• BRIEF: The answer must consist solely of the line that contains "Extensão para Soquete" and all subsequent lines of the data, each reproduced exactly.

[Stored data]
——————
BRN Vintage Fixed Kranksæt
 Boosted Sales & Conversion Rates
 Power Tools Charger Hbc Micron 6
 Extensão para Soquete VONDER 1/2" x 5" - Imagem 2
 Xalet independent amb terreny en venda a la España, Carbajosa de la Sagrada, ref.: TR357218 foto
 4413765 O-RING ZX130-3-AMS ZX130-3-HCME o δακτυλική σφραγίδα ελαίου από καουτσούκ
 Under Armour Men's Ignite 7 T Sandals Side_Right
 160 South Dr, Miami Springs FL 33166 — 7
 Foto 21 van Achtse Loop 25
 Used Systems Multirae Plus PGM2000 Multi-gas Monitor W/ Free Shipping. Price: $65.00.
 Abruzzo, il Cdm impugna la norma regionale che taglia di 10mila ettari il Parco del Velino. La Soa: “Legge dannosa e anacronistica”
——————
• RESPONSE BOX:
 Extensão para Soquete VONDER 1/2" x 5" - Imagem 2
 Xalet independent amb terreny en venda a la España, Carbajosa de la Sagrada, ref.: TR357218 foto
 4413765 O-RING ZX130-3-AMS ZX130-3-HCME o δακτυλική σφραγίδα ελαίου από καουτσούκ
 Under Armour Men's Ignite 7 T Sandals Side_Right
 160 South Dr, Miami Springs FL 33166 — 7
 Foto 21 van Achtse Loop 25
 Used Systems Multirae Plus PGM2000 Multi-gas Monitor W/ Free Shipping. Price: $65.00.
 Abruzzo, il Cdm impugna la norma regionale che taglia di 10mila ettari il Parco del Velino. La Soa: “Legge dannosa e anacronistica”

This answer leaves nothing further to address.